The applicant was outside of the 14 days allowed to seek the waiver so the applicant sought an extension of time to do so from the AAT.

AAT decision

The AAT refused:

  • to accept that the applicant’s unsuccessful appeal to the District Court against the conviction stayed the conviction by the Local Court and thus the date of automatic disqualification for section 120 purposes; and
  • to allow the extension of time as there was an absence of exceptional circumstances explaining the failure to lodge the application for waiver against disqualification within 14 days.

Context of the AAT decision and Part 15 disqualifications

Deputy President Bernard McCabe observed at the outset in paragraph 1 of the AAT decision:

Managing a superannuation fund – even a small, self-managed fund – is a big responsibility. There is a public interest in managing these funds properly given the tax advantages they enjoy. To that end, the Superannuation Industry (Supervision) Act 1993 (Cth) (SISA) establishes rules designed to ensure prudent management. Part 15 of SISA includes rules regarding disqualified persons. A disqualified person may not be a trustee, investment manager or custodian of a superannuation entity, or be a responsible officer (such as a director) of a corporation that performs those roles: s 126K. A person can be disqualified by the Commissioner of Taxation (where the Commissioner is the regulator) or the Federal Court (where the Australian Prudential Regulatory Authority is the regulator) on a variety of grounds, but a person will be automatically disqualified in circumstances set out in s 120. .…

[2020] AATA 3821 at paragraph 1

The AAT found that it only had power to extend the 14 day period strictly when exceptional circumstances warranted that extension. Deputy President McCabe concluded:

….The law requires that I identify exceptional circumstances that prevented the applicant from complying with the 14 day time limit. It is not enough to establish the applicant had a good excuse, or that non-compliance does not result in any harm, or that the applicant has a good case in relation to the substantive issue. This is not a standard ‘extension of time’ case.

21. The applicant has failed to identify any ‘exceptional circumstances’ that prevented him from making the application within the time frame contemplated in s 126B(3). In those circumstances, the decision under review must be affirmed.
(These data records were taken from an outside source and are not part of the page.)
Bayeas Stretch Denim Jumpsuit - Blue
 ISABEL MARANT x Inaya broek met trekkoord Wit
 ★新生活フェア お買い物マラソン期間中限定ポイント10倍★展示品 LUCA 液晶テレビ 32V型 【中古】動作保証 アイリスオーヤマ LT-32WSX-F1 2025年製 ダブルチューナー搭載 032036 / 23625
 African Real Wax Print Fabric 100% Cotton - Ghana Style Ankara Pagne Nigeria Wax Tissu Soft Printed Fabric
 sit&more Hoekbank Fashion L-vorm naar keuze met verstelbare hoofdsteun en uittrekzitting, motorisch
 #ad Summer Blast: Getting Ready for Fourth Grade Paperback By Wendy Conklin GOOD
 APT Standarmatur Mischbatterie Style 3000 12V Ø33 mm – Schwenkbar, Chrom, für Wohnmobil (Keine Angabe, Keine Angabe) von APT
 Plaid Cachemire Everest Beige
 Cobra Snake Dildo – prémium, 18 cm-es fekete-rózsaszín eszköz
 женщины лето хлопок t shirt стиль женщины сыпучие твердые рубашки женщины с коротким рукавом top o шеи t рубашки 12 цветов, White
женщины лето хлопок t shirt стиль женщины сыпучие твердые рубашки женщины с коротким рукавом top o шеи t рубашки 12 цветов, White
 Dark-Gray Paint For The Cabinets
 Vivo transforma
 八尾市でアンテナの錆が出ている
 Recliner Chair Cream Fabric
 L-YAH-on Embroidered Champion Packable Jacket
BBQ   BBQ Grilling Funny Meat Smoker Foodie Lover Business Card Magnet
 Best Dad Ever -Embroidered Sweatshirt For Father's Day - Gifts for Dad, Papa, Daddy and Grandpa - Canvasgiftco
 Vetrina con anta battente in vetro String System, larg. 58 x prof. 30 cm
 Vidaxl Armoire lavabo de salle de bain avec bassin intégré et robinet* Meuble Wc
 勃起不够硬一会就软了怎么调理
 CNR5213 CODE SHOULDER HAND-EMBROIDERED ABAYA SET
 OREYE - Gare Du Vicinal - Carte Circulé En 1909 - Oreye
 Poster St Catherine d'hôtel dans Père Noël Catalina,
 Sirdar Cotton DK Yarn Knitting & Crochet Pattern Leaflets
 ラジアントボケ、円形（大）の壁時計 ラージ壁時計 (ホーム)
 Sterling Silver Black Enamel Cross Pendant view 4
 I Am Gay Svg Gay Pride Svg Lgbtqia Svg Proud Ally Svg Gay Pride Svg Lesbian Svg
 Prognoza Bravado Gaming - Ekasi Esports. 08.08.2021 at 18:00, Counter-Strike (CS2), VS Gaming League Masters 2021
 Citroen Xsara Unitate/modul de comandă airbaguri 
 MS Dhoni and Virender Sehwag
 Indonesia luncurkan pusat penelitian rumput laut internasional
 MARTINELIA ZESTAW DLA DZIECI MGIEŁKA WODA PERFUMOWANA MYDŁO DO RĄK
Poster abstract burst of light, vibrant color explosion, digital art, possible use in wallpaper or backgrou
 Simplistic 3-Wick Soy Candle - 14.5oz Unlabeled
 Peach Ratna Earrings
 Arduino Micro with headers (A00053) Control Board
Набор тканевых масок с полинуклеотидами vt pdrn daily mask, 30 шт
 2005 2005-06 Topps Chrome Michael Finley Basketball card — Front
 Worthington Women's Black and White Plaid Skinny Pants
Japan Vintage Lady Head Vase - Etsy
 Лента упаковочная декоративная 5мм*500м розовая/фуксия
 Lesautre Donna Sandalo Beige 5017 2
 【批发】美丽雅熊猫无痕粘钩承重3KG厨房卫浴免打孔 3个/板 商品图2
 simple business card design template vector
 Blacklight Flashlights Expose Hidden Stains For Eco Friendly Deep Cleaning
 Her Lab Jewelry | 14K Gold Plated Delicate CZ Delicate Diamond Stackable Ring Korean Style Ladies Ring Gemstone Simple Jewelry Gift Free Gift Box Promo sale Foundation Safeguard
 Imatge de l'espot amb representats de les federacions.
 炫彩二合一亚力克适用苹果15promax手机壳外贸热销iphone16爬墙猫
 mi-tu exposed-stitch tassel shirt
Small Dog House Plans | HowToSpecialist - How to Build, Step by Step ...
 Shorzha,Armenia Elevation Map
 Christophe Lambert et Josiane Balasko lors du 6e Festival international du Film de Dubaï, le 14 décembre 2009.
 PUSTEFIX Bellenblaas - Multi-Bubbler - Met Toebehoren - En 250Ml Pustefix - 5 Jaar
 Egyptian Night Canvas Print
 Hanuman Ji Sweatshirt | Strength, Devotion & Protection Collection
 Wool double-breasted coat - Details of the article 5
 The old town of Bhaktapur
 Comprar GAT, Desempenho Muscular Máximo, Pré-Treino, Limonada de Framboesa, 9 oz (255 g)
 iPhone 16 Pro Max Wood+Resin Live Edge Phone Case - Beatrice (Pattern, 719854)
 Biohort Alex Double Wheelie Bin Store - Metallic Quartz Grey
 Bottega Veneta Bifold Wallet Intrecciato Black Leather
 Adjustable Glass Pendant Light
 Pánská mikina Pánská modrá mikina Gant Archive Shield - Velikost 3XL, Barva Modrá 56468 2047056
[2020] AATA 3821 at paragraphs 20 and 21

The AAT’s strict approach is no surprise when it comes to the disqualification rules in Part 15. Part 15 reflects a low tolerance approach in the SIS Act to persons designated unfit to manage a superannuation fund.

Difficulties – SMSFs with a disqualified trustee/director/member

The author has seen Part 15 disqualifications happen on bankruptcy by operation of sub-section 120(1) of the SIS Act.

A person disqualified on bankruptcy, or any other disqualified person such as Mr. Etmekdjian, can’t be a trustee, a director of the trustee or a member of a SMSF. A fund with a disqualified participant falls off the register of superannuation funds as a SMSF regulated by the Commissioner of Taxation. The fund becomes (at least notionally) regulated by the Australian Prudential Regulatory Authority (APRA) instead.

So the Australian Taxation Office won’t and can’t assist once the fund is no longer a SMSF.

Unless a deactivated SMSF, on a participant becoming Part 15 disqualified, can nimbly:

  • convert to an APRA regulated fund; and
  • appoint an approved trustee;

based on a power in the trust deed of the fund to do so, or disqualified persons promptly vacate the fund to prevent deactivation, the fund reverts to an administrative no man’s land. Even arranging a roll out of benefits to another fund is fraught following deactivation. The fund won’t be practically manageable or administrable.

Time for a SMSF deed upgrade?

Lack of capability in a SMSF trust deed to convert a SMSF to an APRA fund is one of a number of indicators that SMSF trust deed may need of an upgrade to comply with today’s SIS Act requirements.